Die verfügbaren Belege weisen darauf hin, daß die Hierarchie der katholischen Kirche auf allen Ebenen bis hoch zum und einschließlich ihres präfrontalen Kortex’, dem jeweils aktuellen Papst, das Elend dieser Kinder ermöglichte und zu verbergen half. In seiner früheren Funktion als Kardinal Ratzinger beaufsichtigte Papst Benedikt persönlich die Reaktionen des Vatikans auf Berichte über sexuellen Mißbrauch in der Kirche. Und was tat dieser weise und mitfühlende Mann, als er erfuhr, daß seine Angestellten Kinder zu Tausenden vergewaltigen? Verständigte er unverzüglich die Polizei und trug Sorge, daß die Opfer vor weiteren Qualen geschützt wurden? Man mag immer noch wagen, sich vorzustellen, daß eine derartige Aufwallung ganz grundlegender Menschlichkeit hätte möglich sein können, sogar innerhalb der Kirche. Doch im Gegenteil: wiederholte und zunehmend verzweifelte Beschwerden über Mißbrauch wurden weggewischt, Zeugen zum Schweigen genötigt oder erpresst, Bischöfe wurden für ihr Trotzen wider die säkularen Autoritäten gelobt und tatschuldige Priester wurden an andere Orte versetzt, wo man sie noch nicht kannte und verdächtigte und wo es frische Leben zu zerstören gab. Es ist keine Übertreibung, zu sagen, daß der Vatikan seit Jahrzehnten wenn nicht Jahrhunderten die formale Definition einer kriminellen Organisation erfüllt (s. auch Anhang 1, Anm.
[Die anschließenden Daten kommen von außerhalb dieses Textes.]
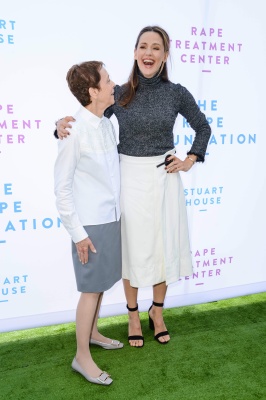 84542695_84501485_jennifer-garner_07102018e_59.jpg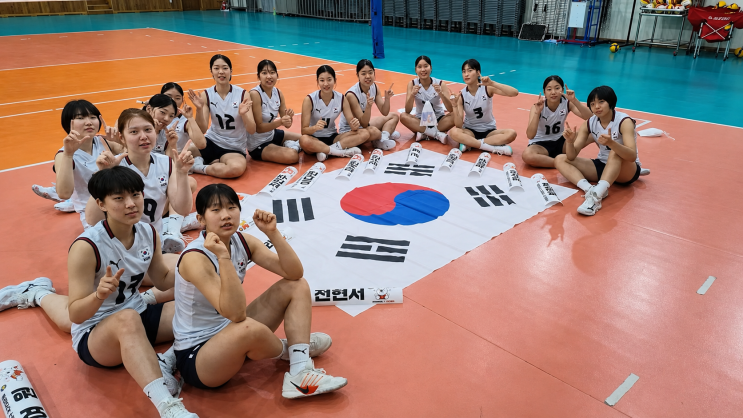 “작년 결승은 5세트, 이번엔 4세트에서 끝냈다” <b>U-17 여자배구</b>대표....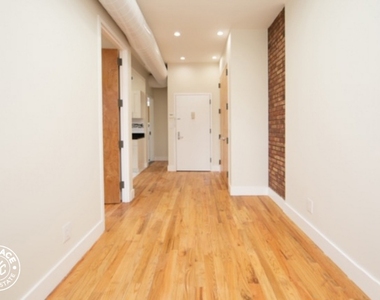 213 Stuyvesant Ave - Photo Thumbnail 3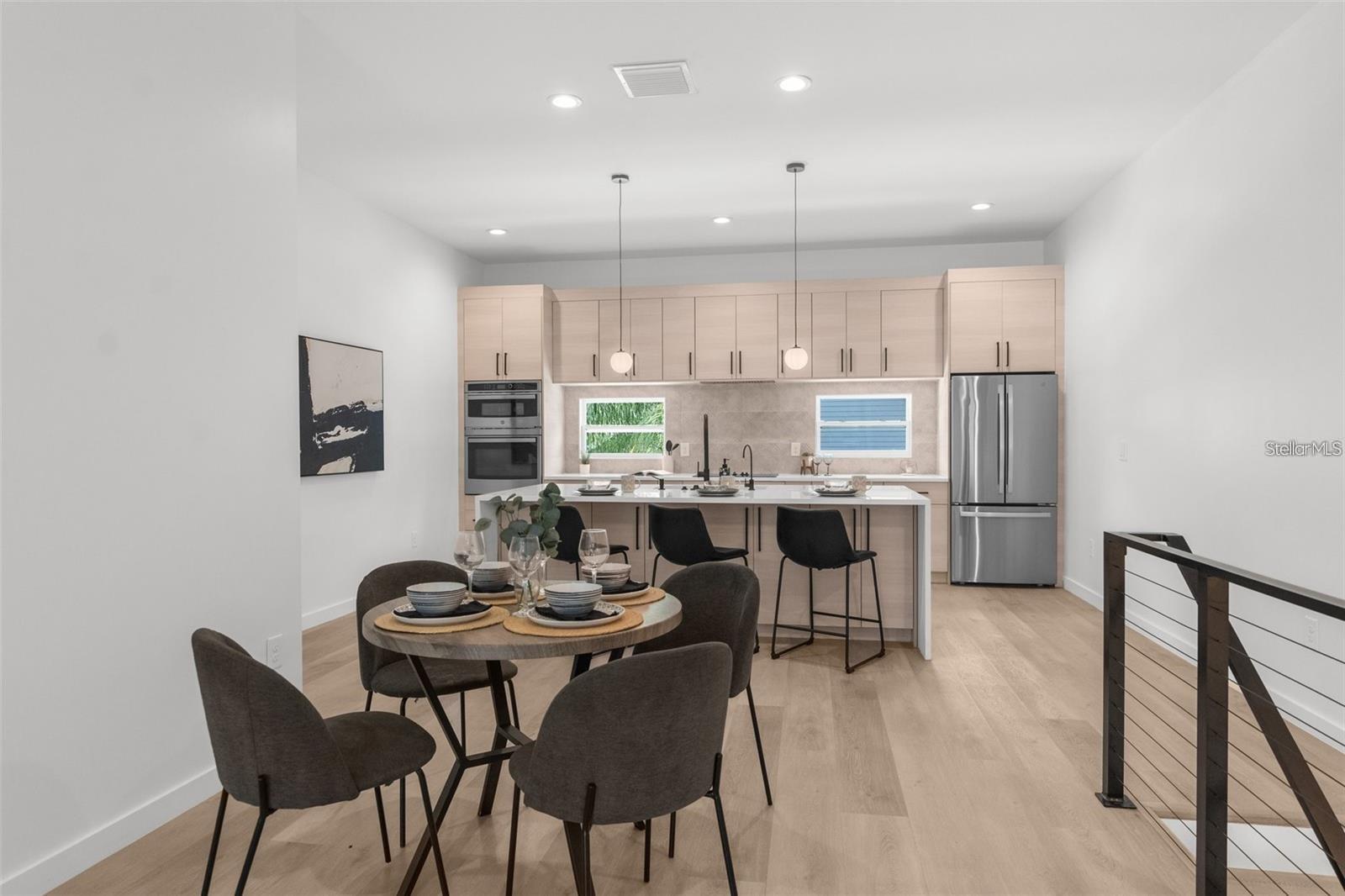 102 W ADALEE ST, TAMPA, FL, 33602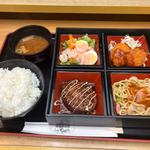 日替わりランチ(まんが喫茶　ログキャビン 岡崎若松店 )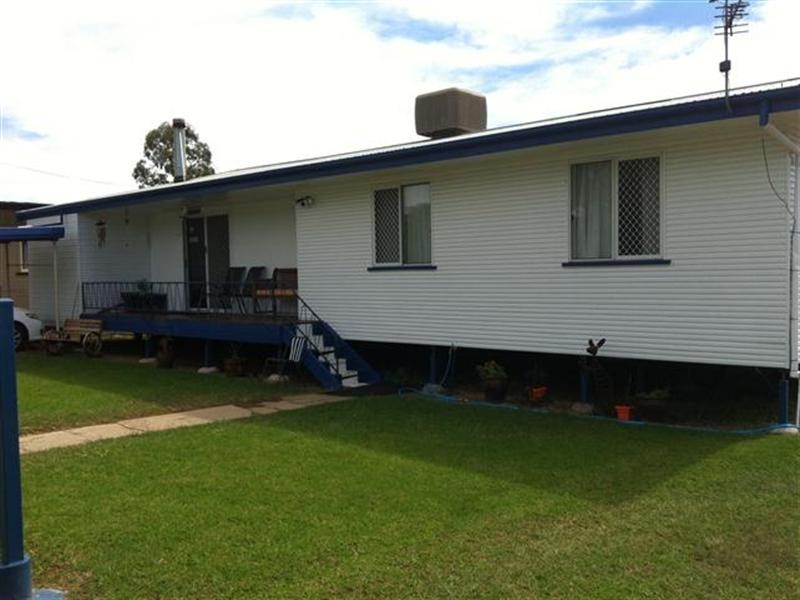 53 Elmer Street, Roma QLD 4455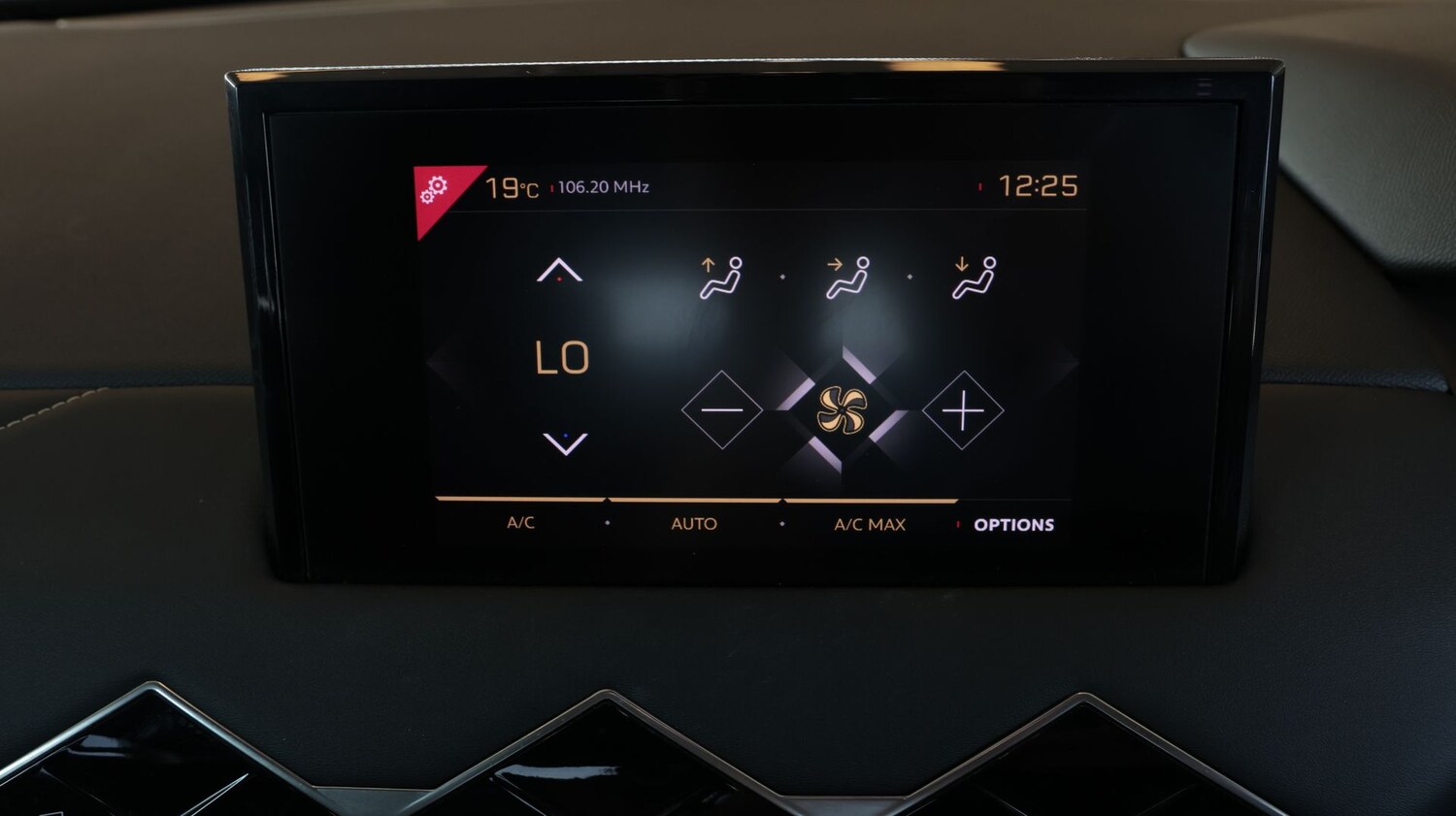 Used DS Automobiles DS 3 Crossback 2022 for sale - 77935908: Photo 12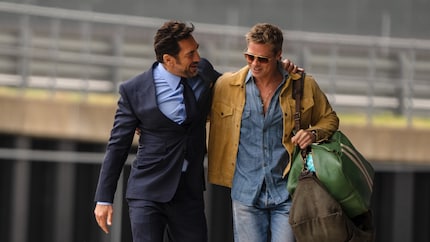Javier Bardem et Brad Pitt incarnent deux ex-pilotes de course qui veulent bousculer la Formule 1.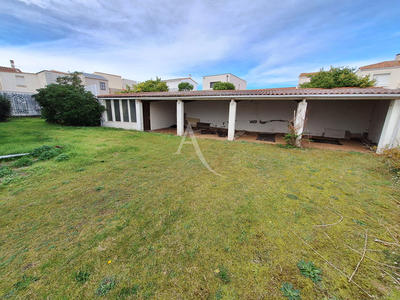 Maison - 249 m² - 12 pièces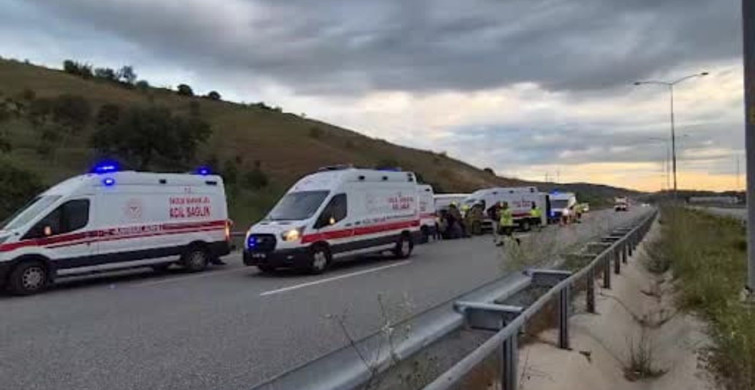 Susurluk'ta Yolcu Otobüsü Devrildi, 25 Yaralı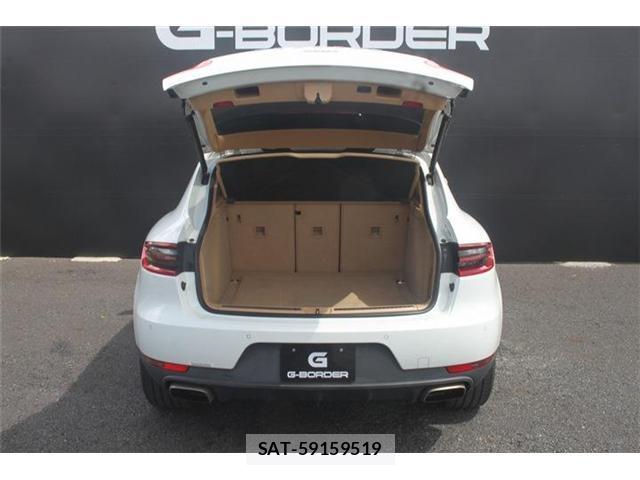 Porsche MACAN 2015-09 8379734-11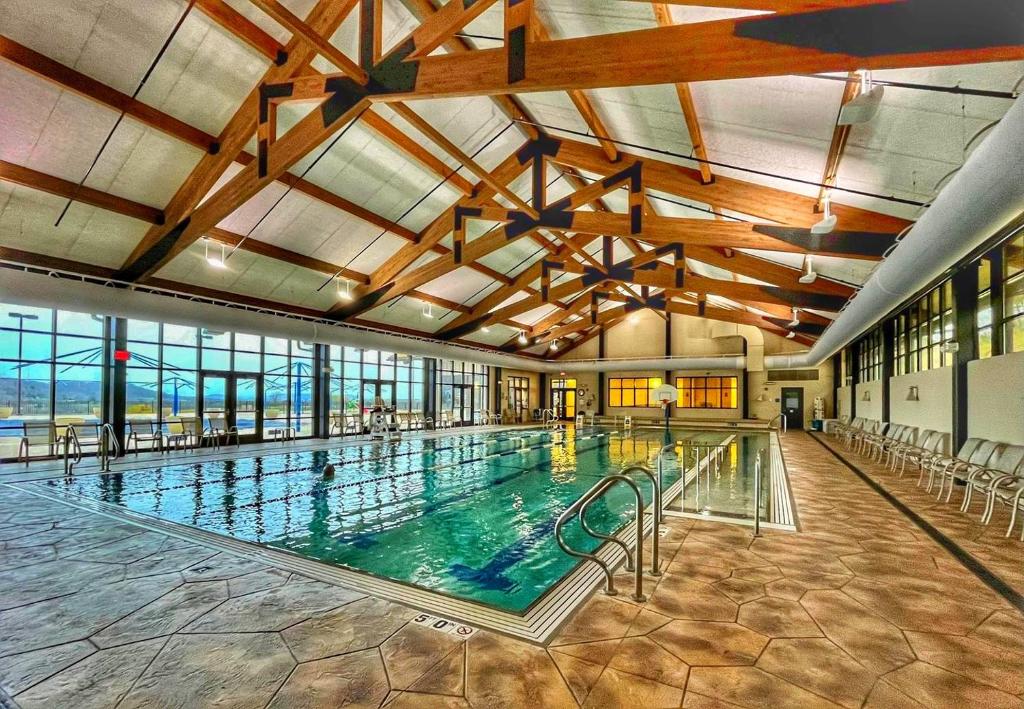 Indoor pool open daily 10am-8pm. Aquatic fitness and lap swim daily 5am-10am. Reservations required. 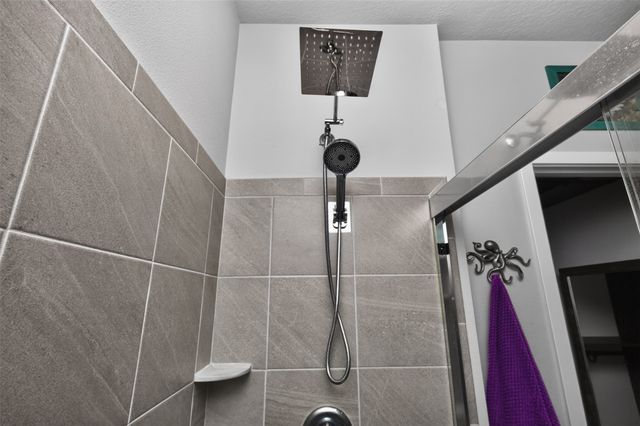 2116 NW 44th Street, Ankeny, IA 50023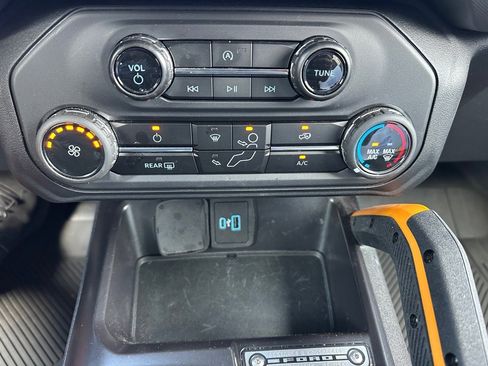 Certified 2024 Ford Bronco Badlands image 22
CC), die sich nicht dem Glücksspiel, der Prostiution, dem Drogenhandel oder anderen läßlichen Sünden verschrieben hat, sondern der sexuellen Versklavung von Kindern.
Voltaire sagte einmal sinngemäß:
Wer dich veranlassen kann, Absurditäten zu glauben, der kann dich auch veranlassen, Gräueltaten zu begehen.